Whole life vs. universal life
Whole and universal life policies have certain similarities. Both policies offer permanent life insurance coverage with a cash value portion that you can borrow against, use to pay premiums or withdraw. If you cancel either life insurance policy, you will typically be refunded a portion of the cash value up to the amount of premiums paid after any charges or fees are paid. With both policies, the money in the cash value account can usually be invested to earn returns and/or interest.
However, there are some key differences between whole life vs universal life. With a whole life policy, policyholders are locked into a set premium and death benefit amount. Universal life policies, on the other hand, typically allow policyholders to adjust the amount they pay in premiums and the amount of their death benefit, as long as certain criteria are met. In addition, universal life cash value accounts are typically higher risk and higher reward than whole life policies. With whole life insurance policies, dividends from your cash value account investments are usually guaranteed but capped, which limits the amount of returns a policyholder can make. Universal life cash value accounts typically do not cap the amount of returns a policyholder can make unless it is a fixed product, but do not guarantee returns either. In this way, it’s possible for universal life policyholders to either gain or lose money on their cash value accounts.
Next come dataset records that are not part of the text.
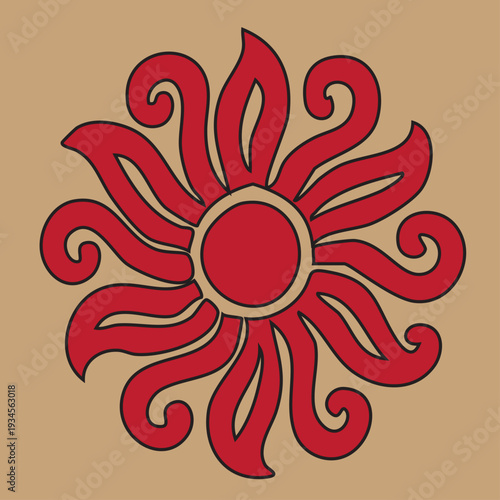 Ornate nature pattern with vintage summer leaves and a circular sun element for a stylish wallpaper illustration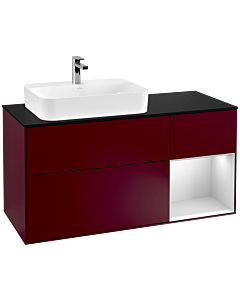 Villeroy und Boch Finion Waschtischunterschrank F402MTHB 120cm, Abdeckplatte black matt, Regal rechts White matt lacquer, Peony Matt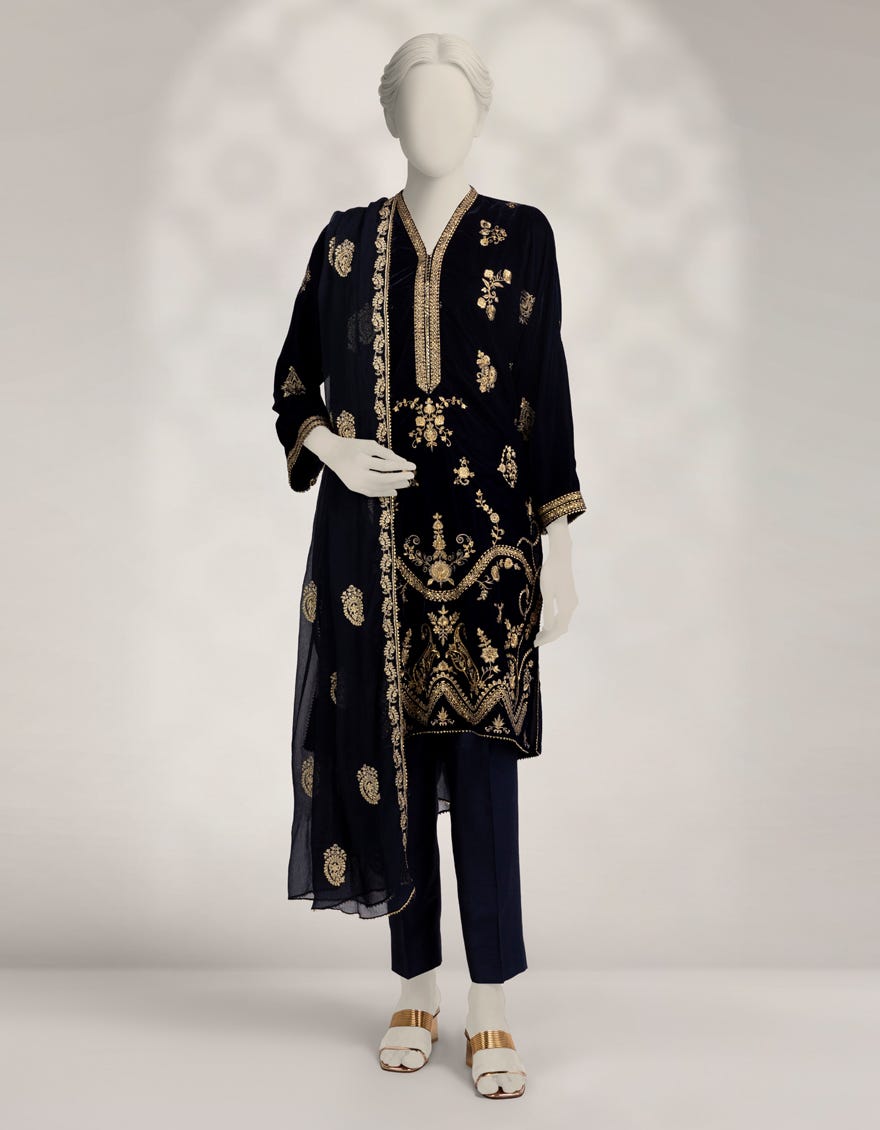 BLUE VELVET EMBROIDERED 3PC STITCHED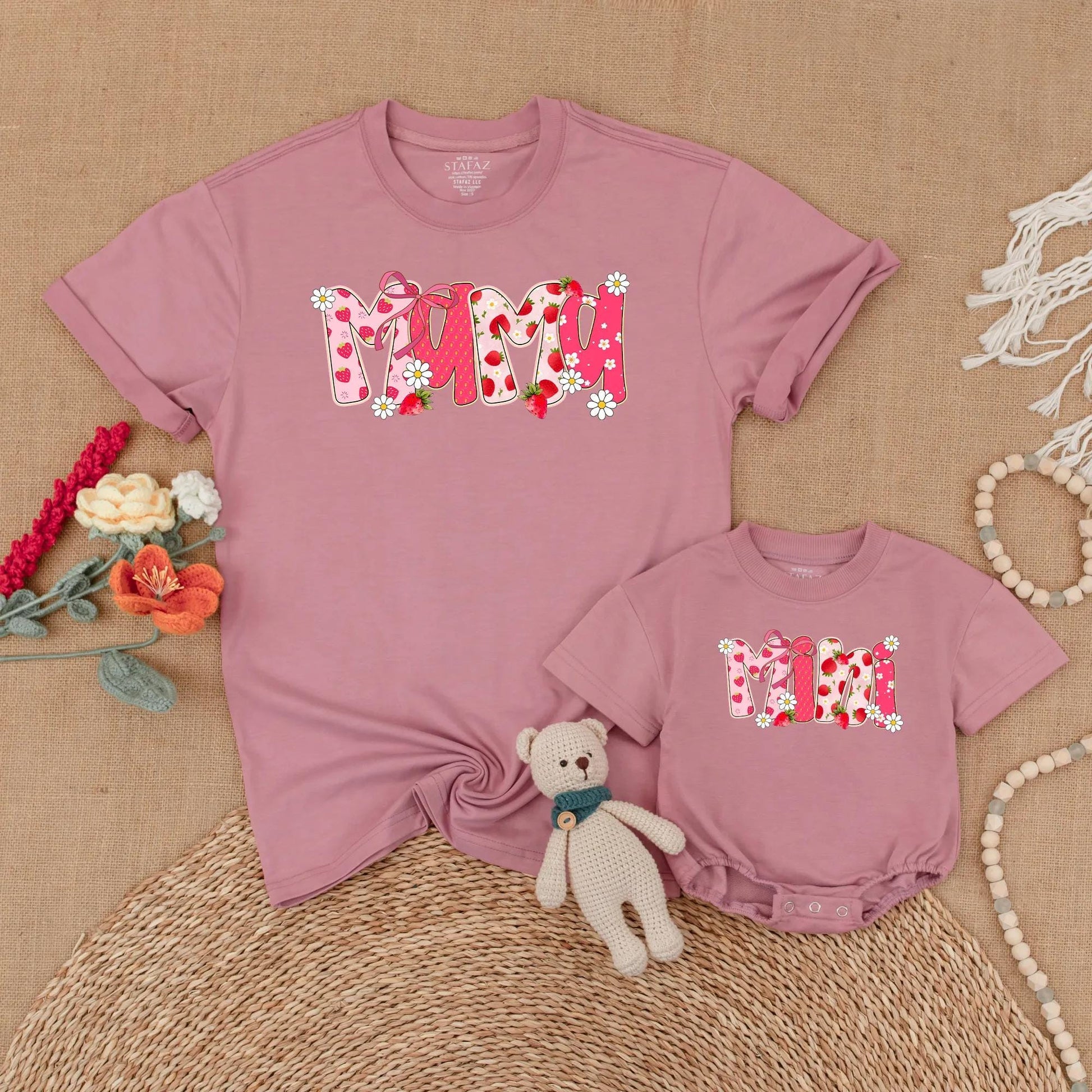 Strawberry Mama and Mini Matching Shirts Cute Floral Summer Outfits Berry First Birthday Mommy and Me Clothes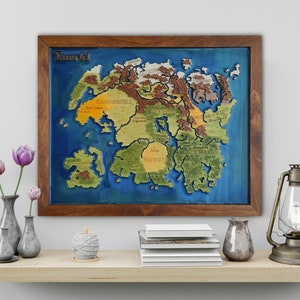 Mapa de madera de Skyrim / Mapa de Tamriel grabado en epoxi / Decoración de madera de regalo de The Elder Scrolls TES / Mapa de Morrowind Oblivion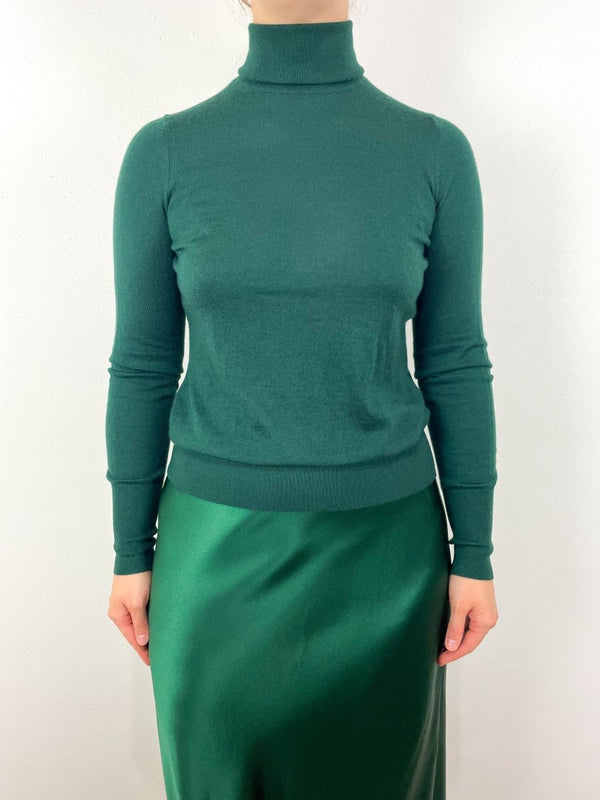 Alida Turtleneck Sweater in Bottle Green Cashmere - The Shoe Hive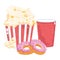 Fast food menu restaurant unhealthy takeaway soda cup popcorn and donuts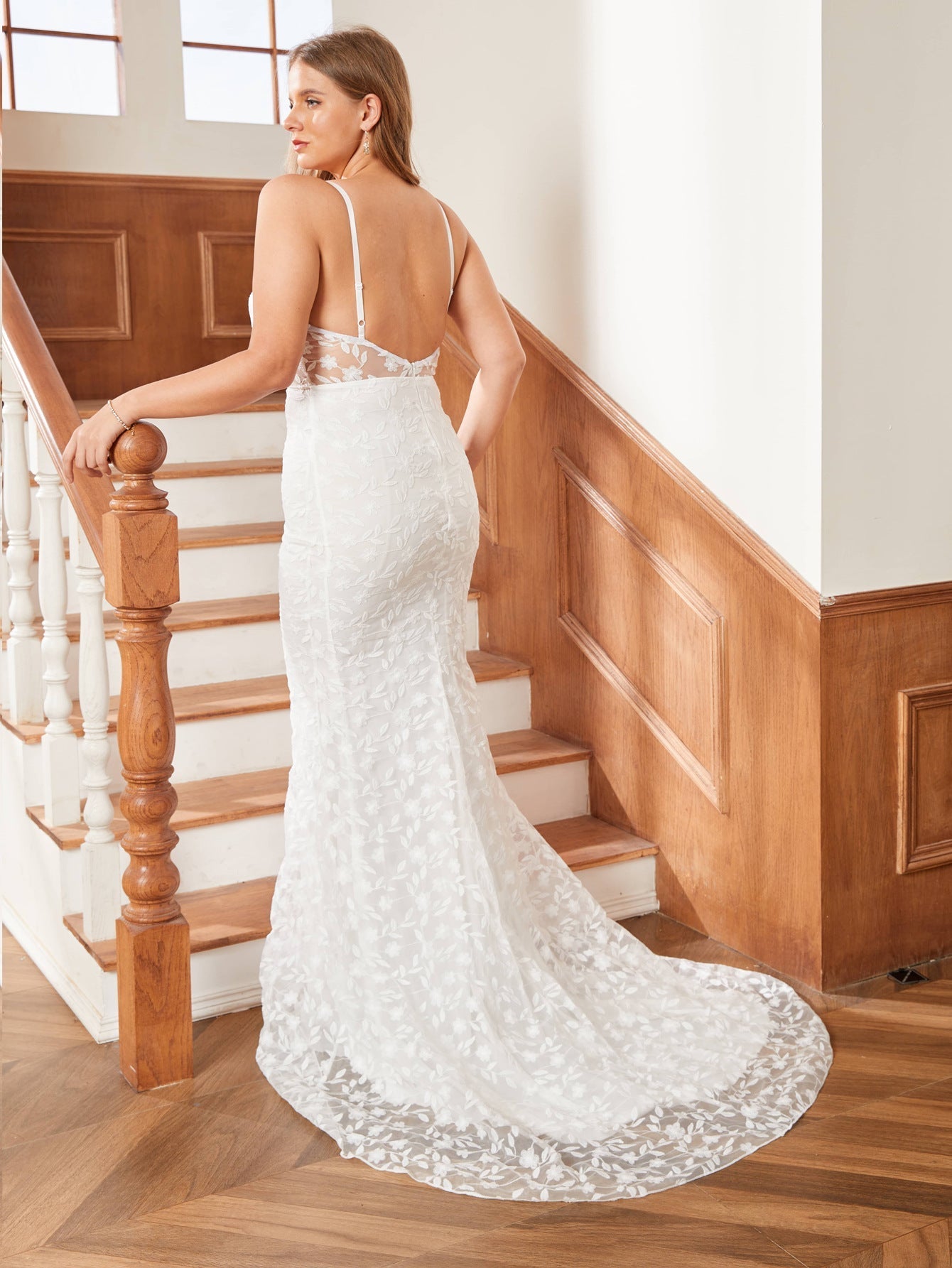 V Neck Strap Formal Dress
Policy attribute | Whole life | Universal life |
---|---|---|
Length | Permanent | Permanent |
Cash value | Yes | Yes |
Cash value growth | Fixed/capped | Varies depending on several factors |
Flexible premium | No | Yes |
Flexible death benefit | No | Yes |
Whole life insurance
Whole life is a type of permanent life insurance that provides a death benefit to your beneficiary for your entire life in most circumstances. The premium you get approved for when you initially sign up for whole life insurance is locked in for life in most circumstances and will never increase.
This type of permanent life insurance also includes a cash value component. Part of your premium payments go into this cash value account which builds, tax-deferred, in the policy over time. Once you meet a minimum required cash value, you can choose to borrow some as a loan or withdraw it, which may have tax implications.
Though it’s not guaranteed, the cash value could pay out dividends, which you can choose to keep or reinvest into the policy to allow the cash value component to grow, reduce your premiums or pay for more coverage. If you cancel or surrender the whole life policy, you are eligible to keep the cash value in the policy, up to the limits of premiums you’ve paid in, minus any fees set by the life insurance company.